[Date Prev][Date Next][Thread Prev][Thread Next][Date Index][Thread Index]
13/14: services: secret-service: Add initial client/server handshake.
|
From: |
guix-commits |
|
Subject: |
13/14: services: secret-service: Add initial client/server handshake. |
|
Date: |
Tue, 29 Sep 2020 06:03:45 -0400 (EDT) |
civodul pushed a commit to branch wip-childhurd
in repository guix.
commit 88946005d7185b507908706bc44bc8e513c4cad8
Author: Ludovic Courtès <ludo@gnu.org>
AuthorDate: Tue Sep 29 11:45:55 2020 +0200
services: secret-service: Add initial client/server handshake.

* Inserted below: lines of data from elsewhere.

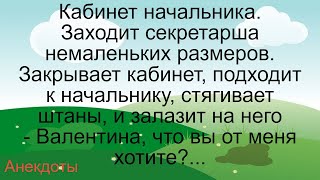 Крупная Секретарша И Начальник... Подборка Смешных Жизненных Анекдотов Лучшие Короткие Анекдоты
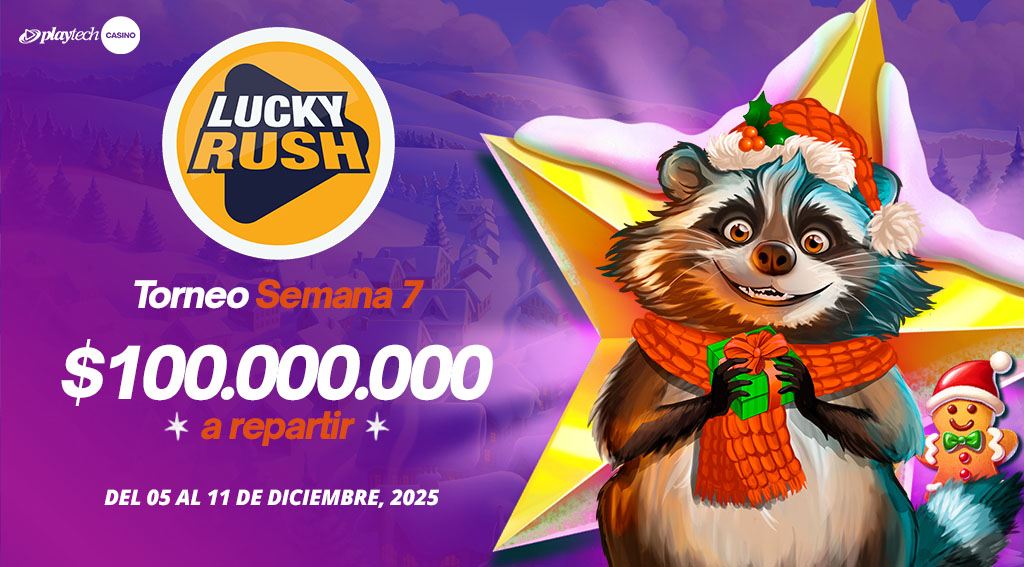 Promoción Lucky Rush por Playtech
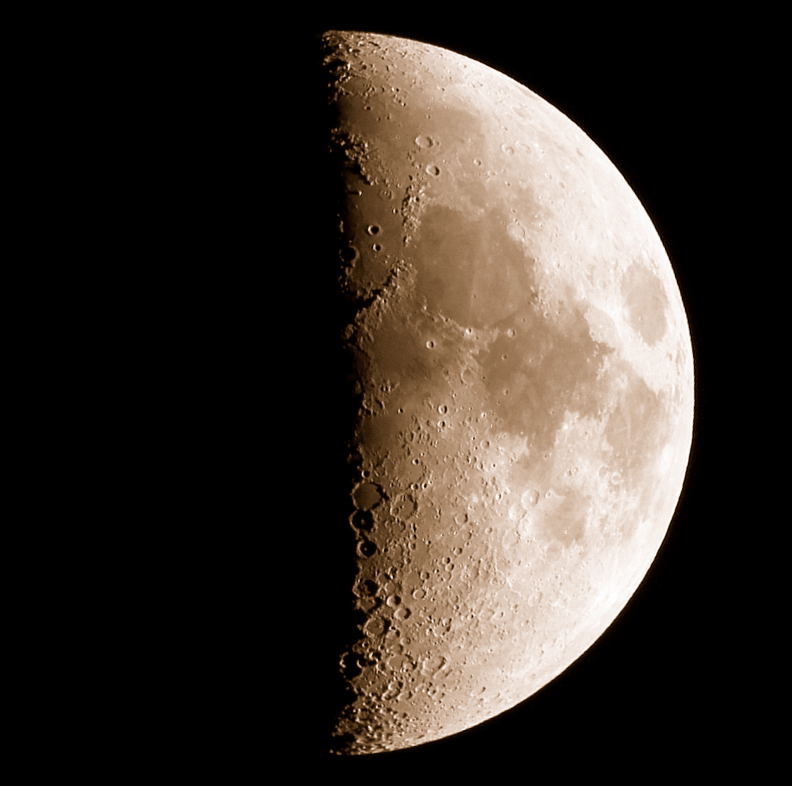 First Quarter Moon by John Asztalos - Milwaukee Astronomical Society image First Quarter Moon by John Asztalos - Milwaukee Astronomical Society image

This allows the client running on the host to know when it's actually
connect to the server running in the guest. Failing that, the client
would connect right away to QEMU and send secrets even though the server
is not running yet in the guest, which is unreliable.
* gnu/build/secret-service.scm (secret-service-send-secrets): Add
#:handshake-timeout. Read from SOCK an initial message from the
server. Return #f on error.
(secret-service-receive-secrets): Send 'secret-service-server' message
to the client. Close SOCK upon timeout.
* gnu/services/virtualization.scm (hurd-vm-shepherd-service): 'start'
method returns #f when 'secret-service-send-secrets' returns #f.
---
gnu/build/secret-service.scm | 75 +++++++++++++++++++++++++++++++----------
gnu/services/virtualization.scm | 11 ++++--
2 files changed, 67 insertions(+), 19 deletions(-)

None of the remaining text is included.